(Records excerpted from a collection)
########

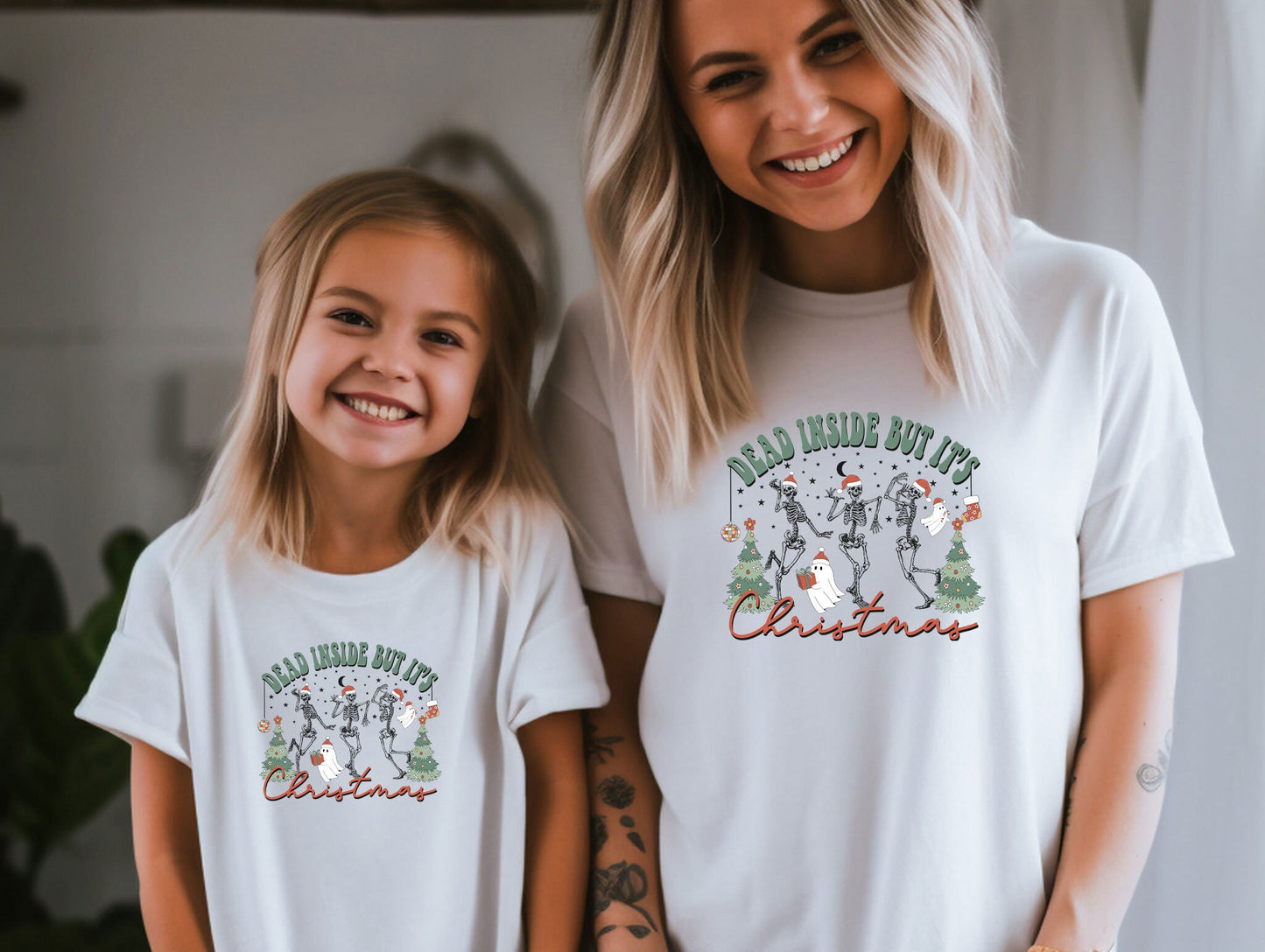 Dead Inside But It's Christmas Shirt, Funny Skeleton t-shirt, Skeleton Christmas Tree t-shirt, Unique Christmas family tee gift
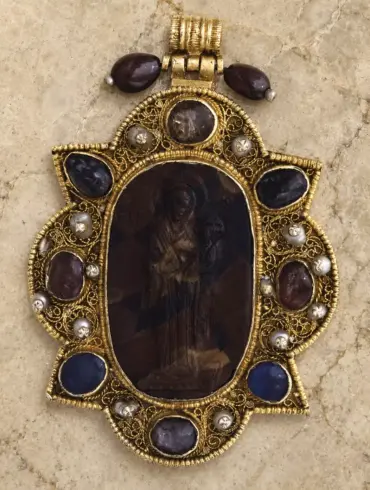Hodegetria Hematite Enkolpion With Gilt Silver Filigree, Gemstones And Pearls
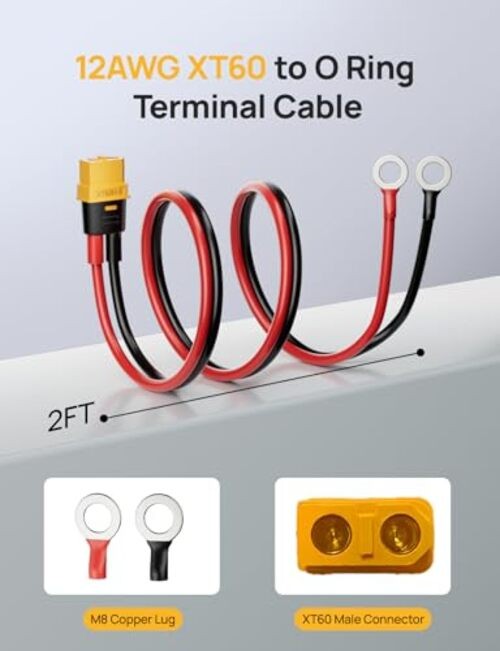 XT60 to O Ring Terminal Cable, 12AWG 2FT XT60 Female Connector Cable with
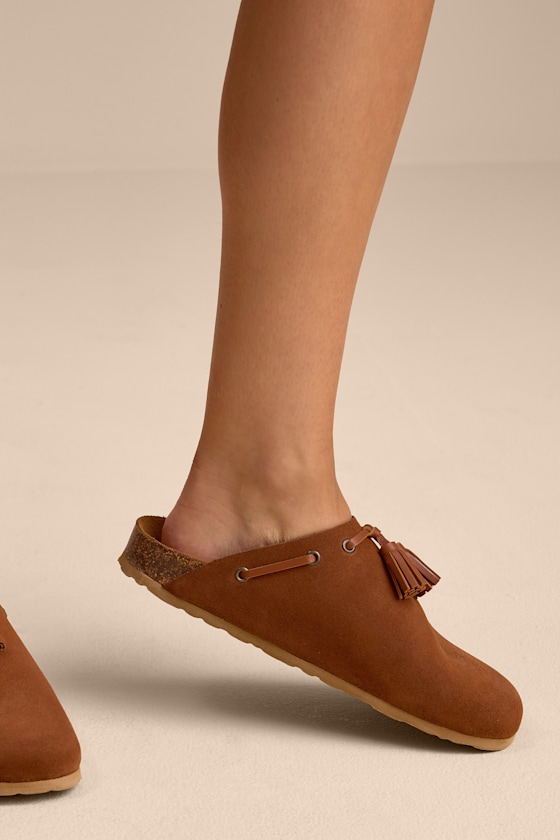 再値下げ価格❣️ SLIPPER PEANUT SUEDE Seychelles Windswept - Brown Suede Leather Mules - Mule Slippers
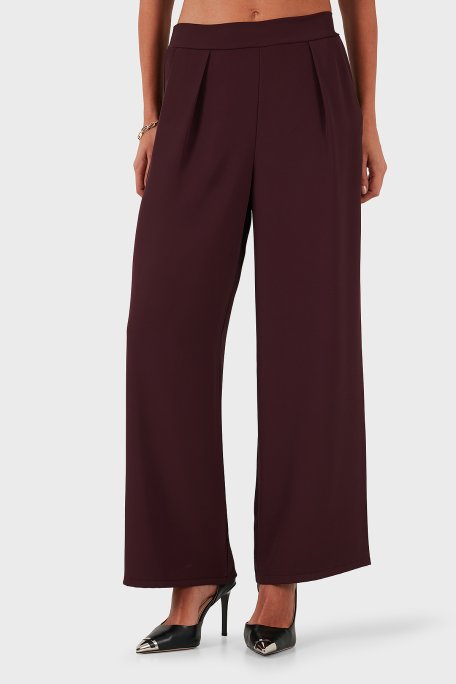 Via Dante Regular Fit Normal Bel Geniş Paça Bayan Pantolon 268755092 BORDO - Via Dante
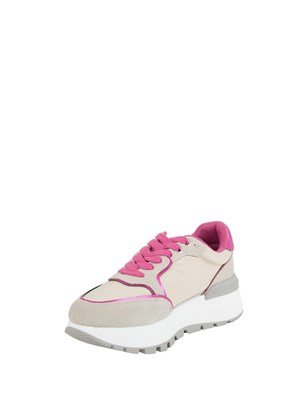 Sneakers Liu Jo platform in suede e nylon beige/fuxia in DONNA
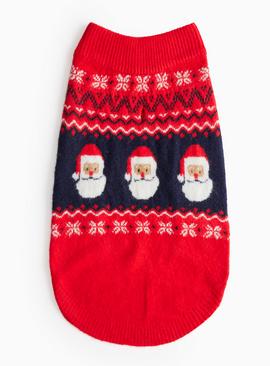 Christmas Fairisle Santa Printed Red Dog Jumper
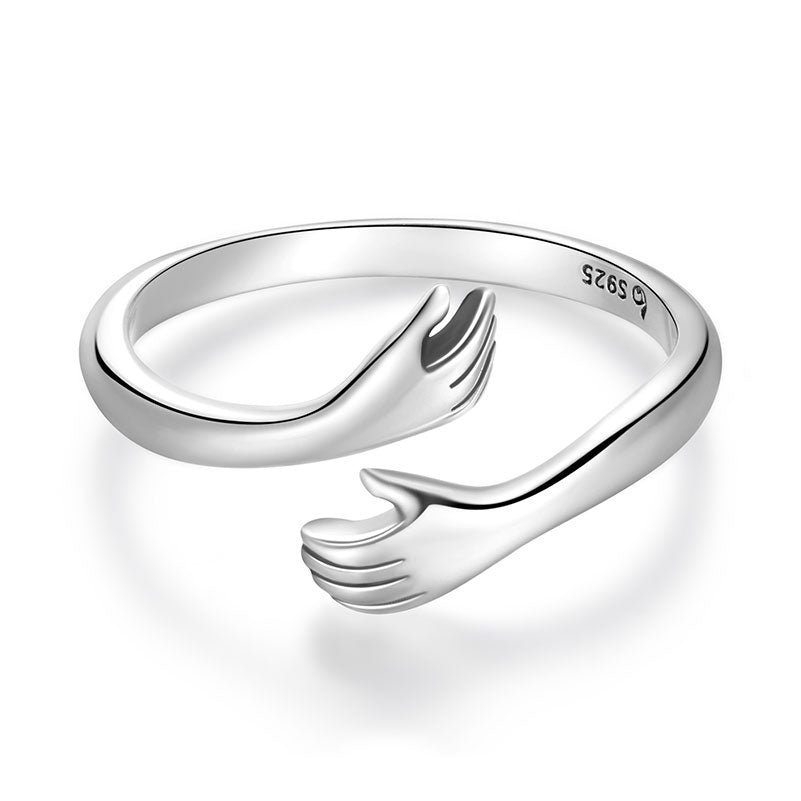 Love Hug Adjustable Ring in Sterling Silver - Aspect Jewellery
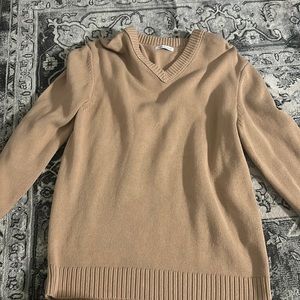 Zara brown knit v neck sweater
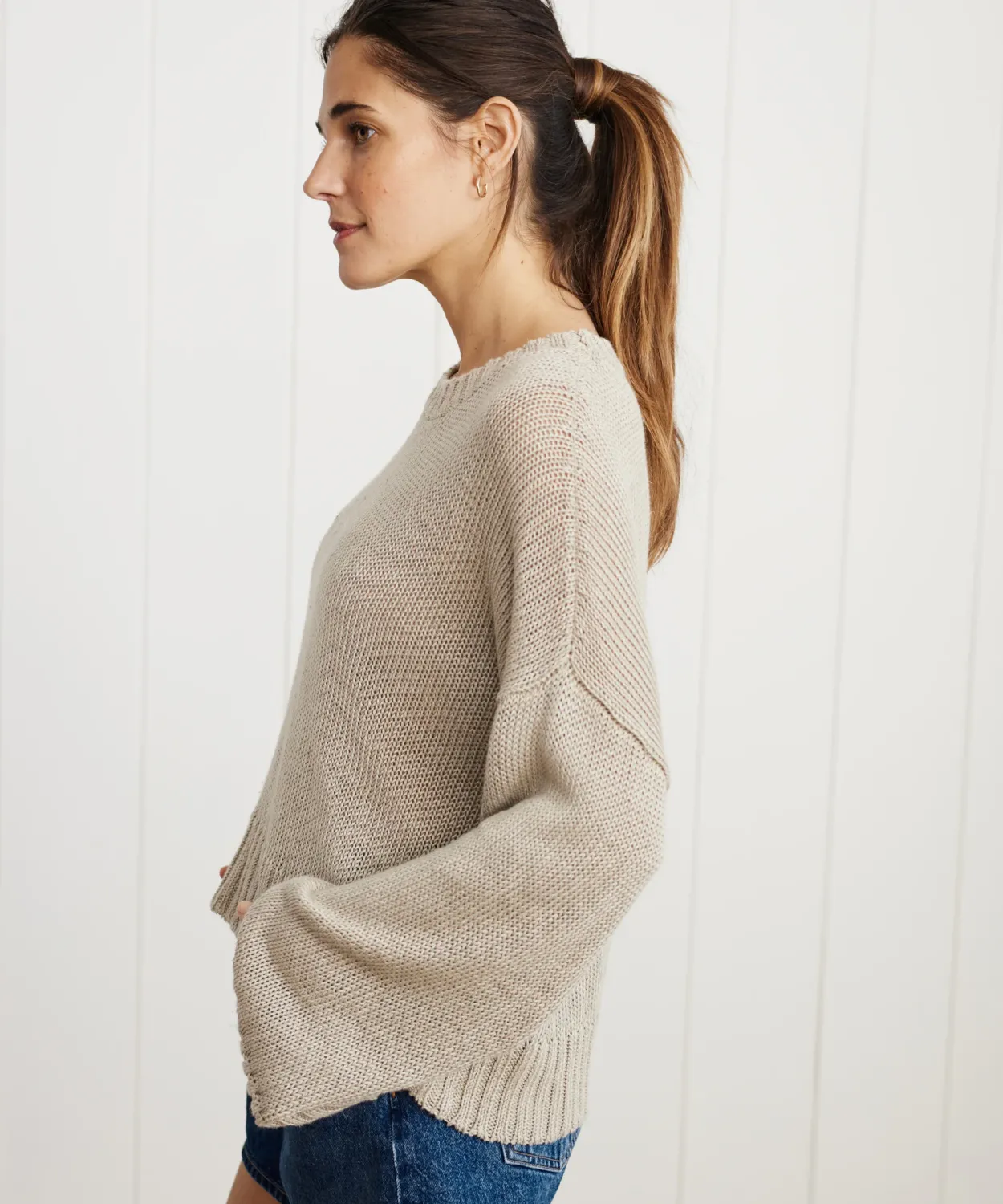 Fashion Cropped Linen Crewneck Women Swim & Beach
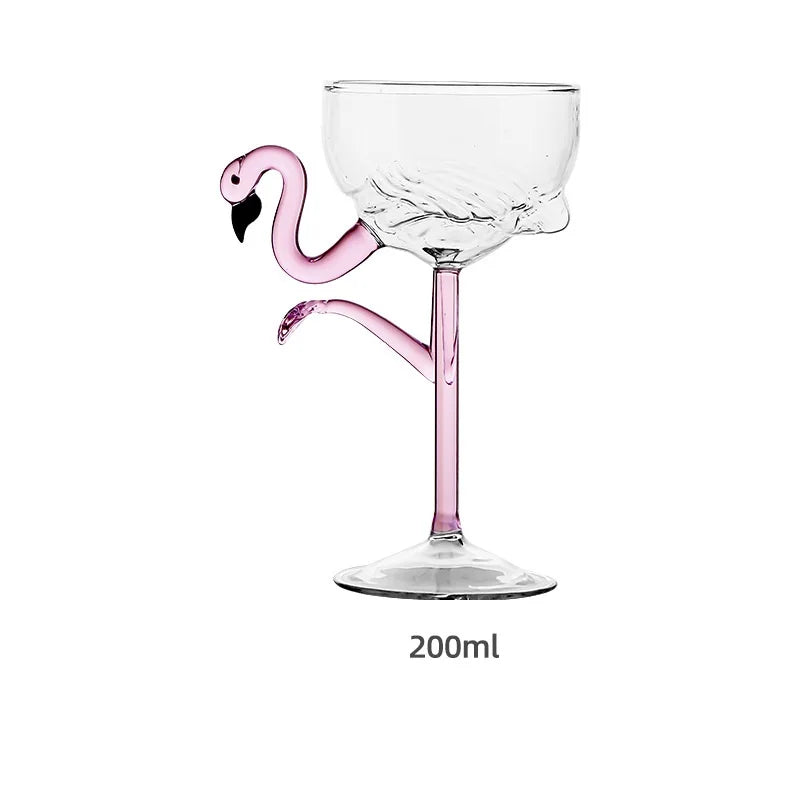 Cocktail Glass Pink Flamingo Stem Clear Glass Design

########

▶ [TASK REQUIREMENTS] A faithful copy of the data is required: each word kept, each picture omitted.

▶ [SOLVED PROBLEM]
 Dead Inside But It's Christmas Shirt, Funny Skeleton t-shirt, Skeleton Christmas Tree t-shirt, Unique Christmas family tee gift
Hodegetria Hematite Enkolpion With Gilt Silver Filigree, Gemstones And Pearls
 XT60 to O Ring Terminal Cable, 12AWG 2FT XT60 Female Connector Cable with
 再値下げ価格❣️ SLIPPER PEANUT SUEDE Seychelles Windswept - Brown Suede Leather Mules - Mule Slippers
 Via Dante Regular Fit Normal Bel Geniş Paça Bayan Pantolon 268755092 BORDO - Via Dante
 Sneakers Liu Jo platform in suede e nylon beige/fuxia in DONNA
 Christmas Fairisle Santa Printed Red Dog Jumper
 Love Hug Adjustable Ring in Sterling Silver - Aspect Jewellery
 Zara brown knit v neck sweater
 Fashion Cropped Linen Crewneck Women Swim & Beach
 Cocktail Glass Pink Flamingo Stem Clear Glass Design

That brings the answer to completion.